Given records START
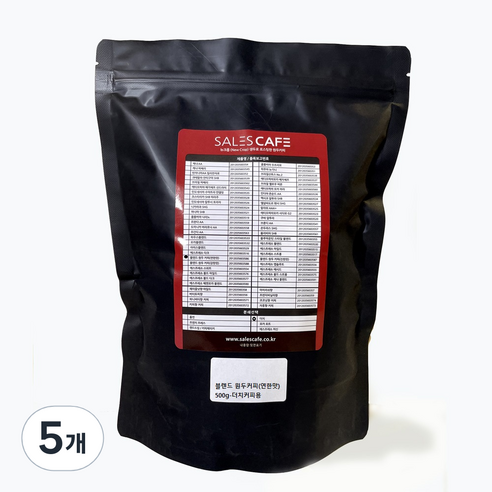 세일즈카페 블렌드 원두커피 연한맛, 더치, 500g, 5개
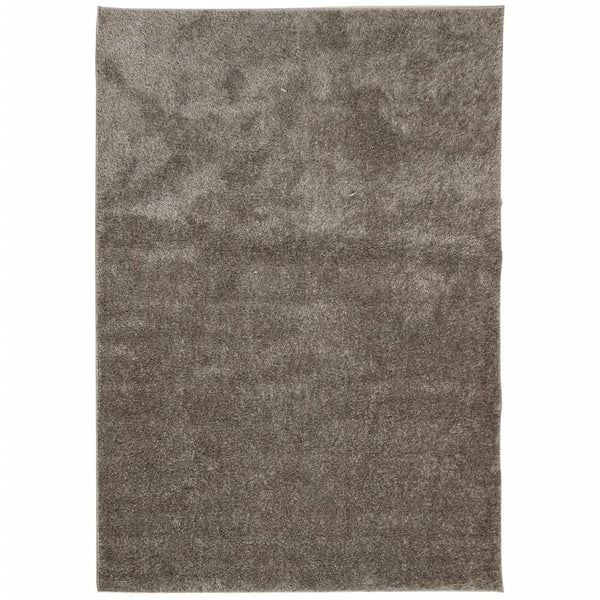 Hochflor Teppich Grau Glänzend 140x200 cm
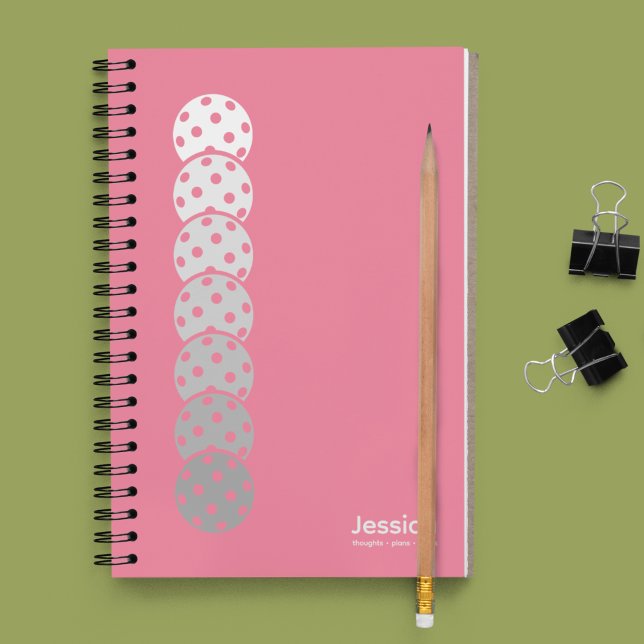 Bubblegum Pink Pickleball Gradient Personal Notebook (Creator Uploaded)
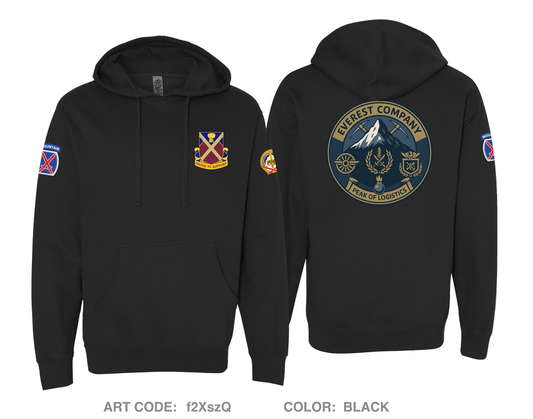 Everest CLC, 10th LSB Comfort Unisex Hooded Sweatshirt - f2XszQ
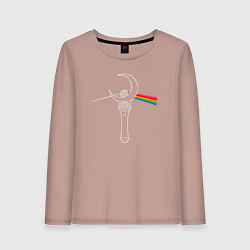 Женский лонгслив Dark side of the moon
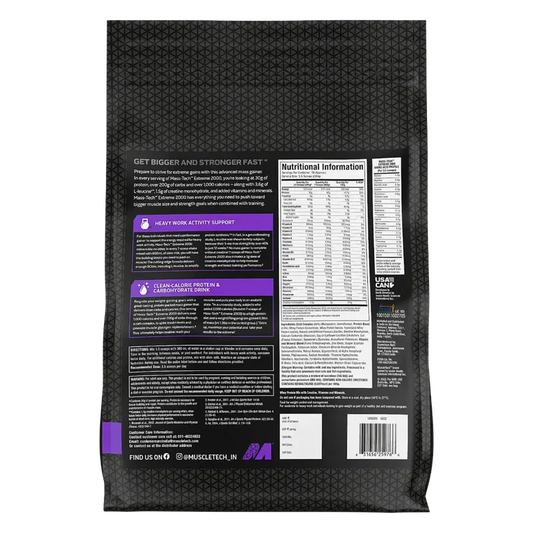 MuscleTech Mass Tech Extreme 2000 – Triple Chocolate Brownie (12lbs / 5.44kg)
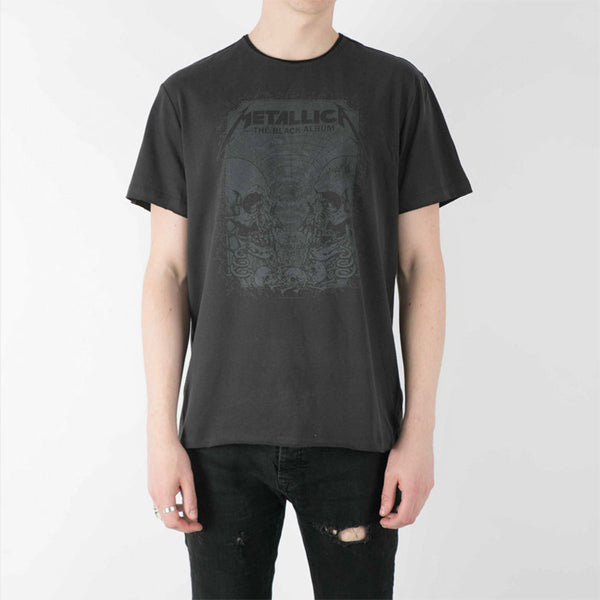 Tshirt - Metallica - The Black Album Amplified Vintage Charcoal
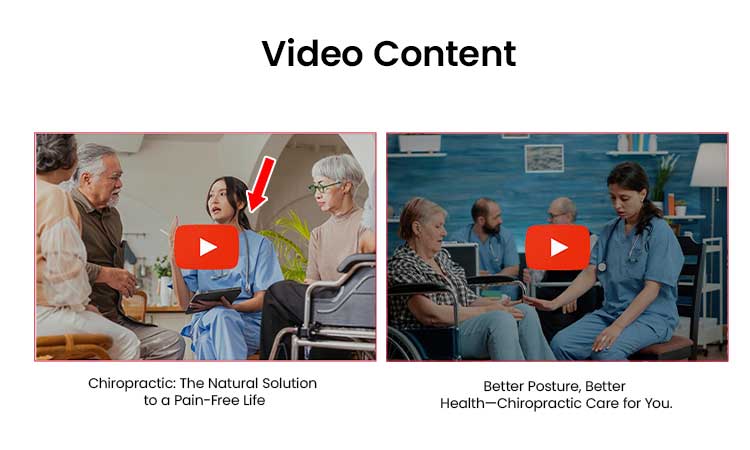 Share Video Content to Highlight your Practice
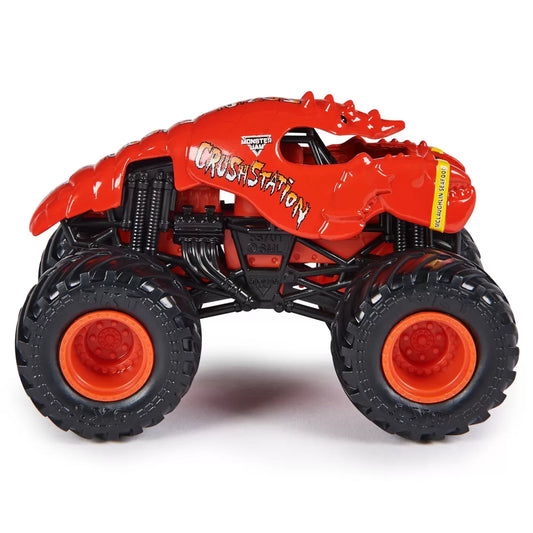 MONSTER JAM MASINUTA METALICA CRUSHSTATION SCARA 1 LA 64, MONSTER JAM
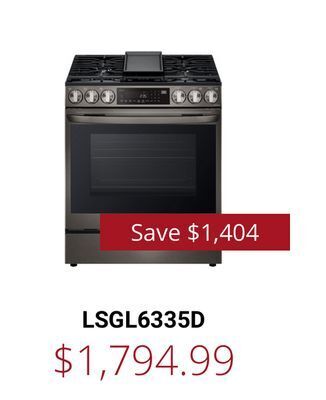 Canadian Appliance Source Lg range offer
Given records END
Given records START
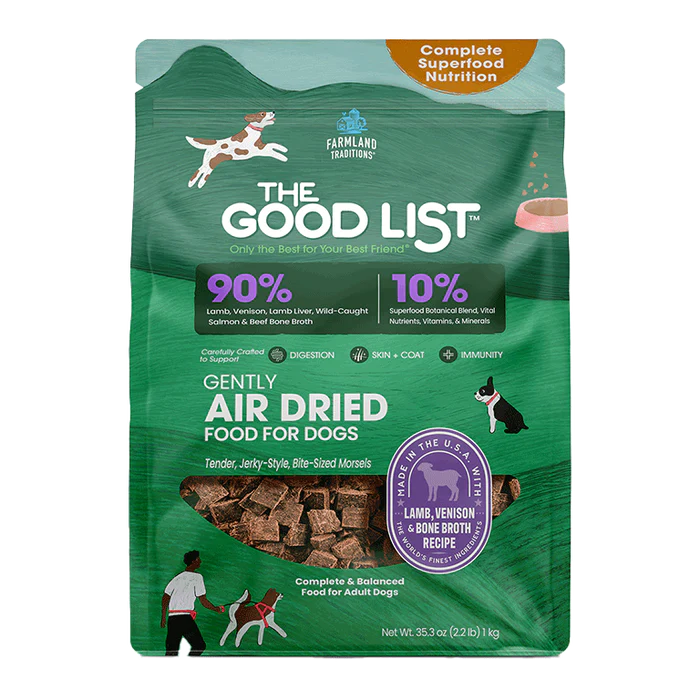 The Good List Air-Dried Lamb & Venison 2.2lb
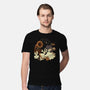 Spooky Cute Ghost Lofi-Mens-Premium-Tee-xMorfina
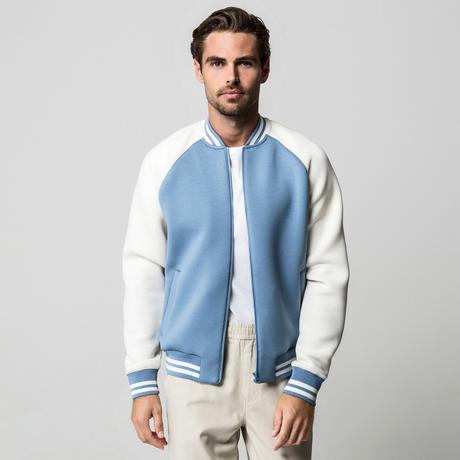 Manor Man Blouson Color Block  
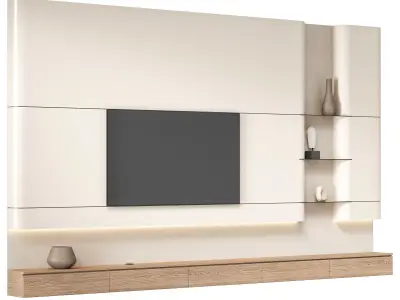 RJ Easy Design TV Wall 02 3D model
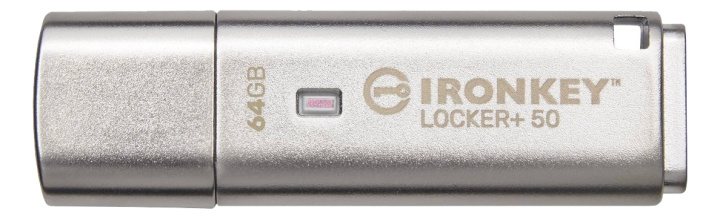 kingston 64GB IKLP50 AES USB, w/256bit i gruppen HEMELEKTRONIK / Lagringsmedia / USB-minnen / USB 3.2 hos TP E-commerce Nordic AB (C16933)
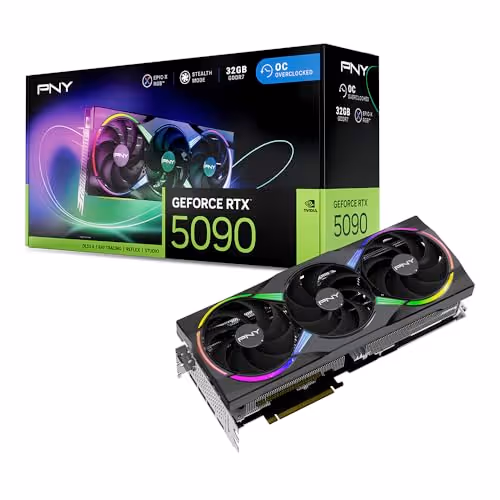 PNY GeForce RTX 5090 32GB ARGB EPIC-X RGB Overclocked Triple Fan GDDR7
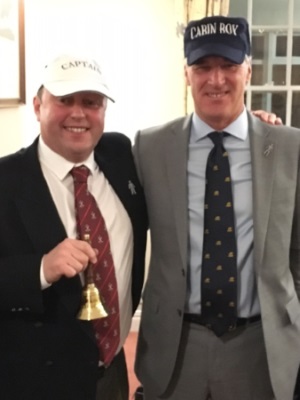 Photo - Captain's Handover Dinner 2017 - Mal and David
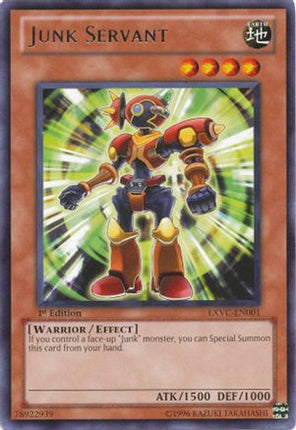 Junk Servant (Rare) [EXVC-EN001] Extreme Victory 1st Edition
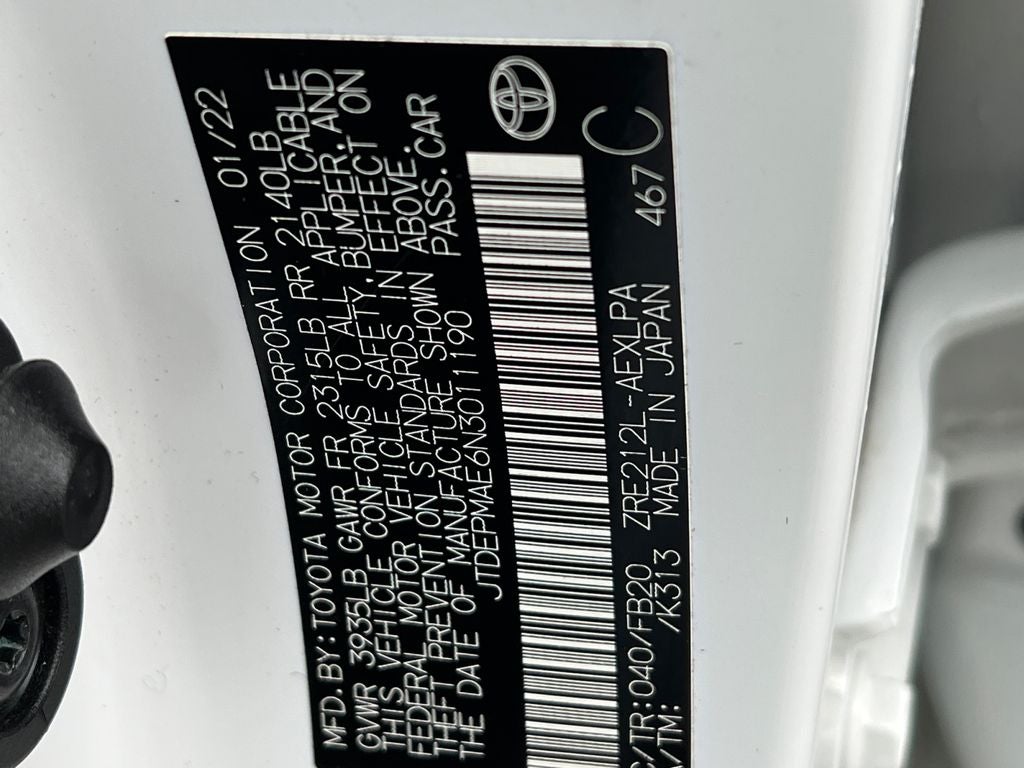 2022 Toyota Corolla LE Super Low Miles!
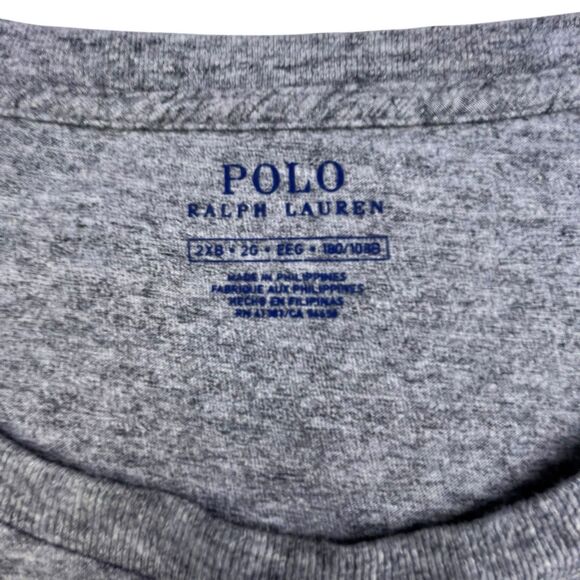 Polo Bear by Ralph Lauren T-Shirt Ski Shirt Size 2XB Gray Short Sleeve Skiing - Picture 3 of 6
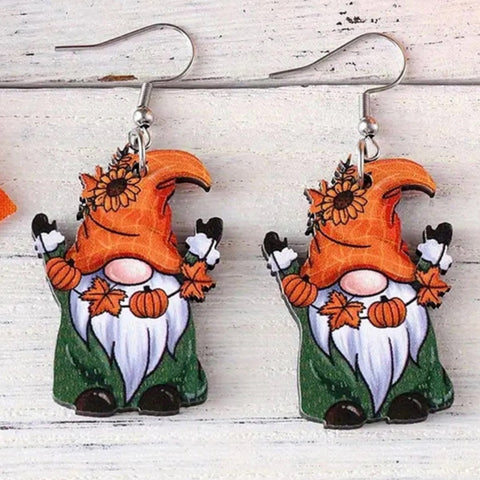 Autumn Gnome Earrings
Given records END
## Work request
Output only the stretch above from the line with "Photo - Captain's" through the line with "Autumn Gnome Earrings", reproduced exactly. Exclude pictures.

## Solved problem
 Photo - Captain's Handover Dinner 2017 - Mal and David
 Junk Servant (Rare) [EXVC-EN001] Extreme Victory 1st Edition
 2022 Toyota Corolla LE Super Low Miles!
 Polo Bear by Ralph Lauren T-Shirt Ski Shirt Size 2XB Gray Short Sleeve Skiing - Picture 3 of 6
 Autumn Gnome Earrings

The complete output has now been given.